Trawl surveys are typically used to determine fish abundance, but they can be time-consuming and relatively expensive. The data collected are only representative for a discrete point of time and limited to the sampled portion of the ocean bottom, Howell says. Using new acoustic technology allows researchers to cover larger areas at a presumably reduced cost because all the work is conducted remotely, he adds. Acoustic surveys can also eliminate the unintended mortality of fish that occurs during trawling.
Many fish species have a slightly different acoustic “signature” that distinguishes them from most other marine life and seafloor characteristics. Cod have been acoustically assessed by researchers in Norway and Canada using single beam sonar. Conversely, the multi-beam sonar used by Howell and Gurshin sends out a fan of 160 overlapping acoustic beams into the water column as far as a few hundred meters and provides a more thorough view of the abundance and location of cod.
Currently, there are numerous technological and analytical challenges associated with multi-beam sonar studies because there are many variables that can affect the acoustic estimate of fish abundance.
“When you get a large number of fish in spawning aggregations, for example, they’re all heading in different directions,” Howell says. “There is a lot of overlap so that the acoustic signal returning from them is not going to give you an exact picture because it’s reflecting off multiple fish that are hidden behind one another. It’s quite challenging.”
Gurshin used the multi-beam sonar to collect data on acoustic backscatter from cod held in underwater pens and in open water. A known number and size of fish were placed in pens near the UNH open ocean aquaculture site and he used the sonar on a boat above to examine their acoustic signature. Gurshin is using these data to develop a statistical relationship that links acoustic backscatter to cod populations.

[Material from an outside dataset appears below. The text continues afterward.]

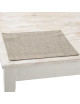 6 sets de table Modena en lin Charvet - 3 coloris
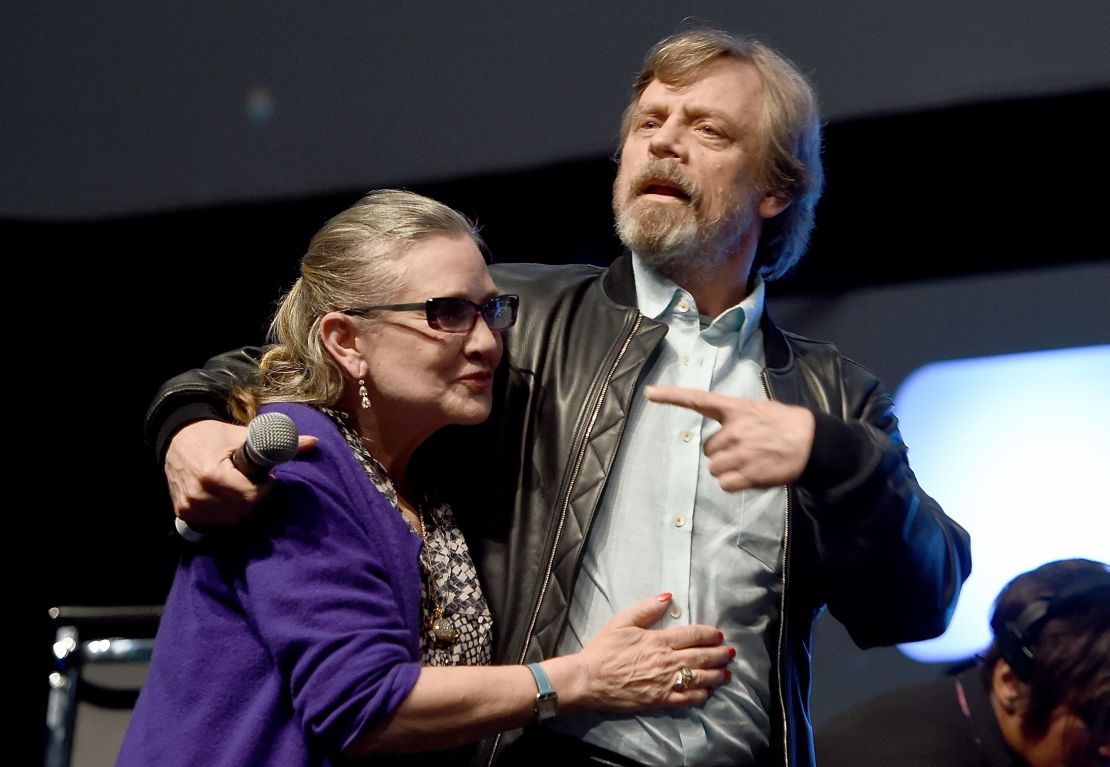 "Star Wars" actors Mark Hamill and Carrie Fisher.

Howell and Gurshin previously conducted acoustic studies on cod in Ipswich Bay using multi-beam sonar in tandem with a trawling vessel to compare results. Although Gurshin is still analyzing the results, he expects the surveys will match one another closely.
“I’m excited to finish analyzing that data because I think it will prove valuable in describing the spatial distribution of cod during a known spawning event,” Gurshin says.
Howell is currently working with Norwegian scientists to use multi-beam sonar to determine the biomass of fish in their commercial aquaculture pens. Closer to home, one of the newer NOAA research vessels, the R/V Henry B. Bigelow, is equipped with multi-beam sonar that was specifically designed for fisheries research.
“I think it’s fair to say that using acoustical data is the future of stock assessments,” Howell says.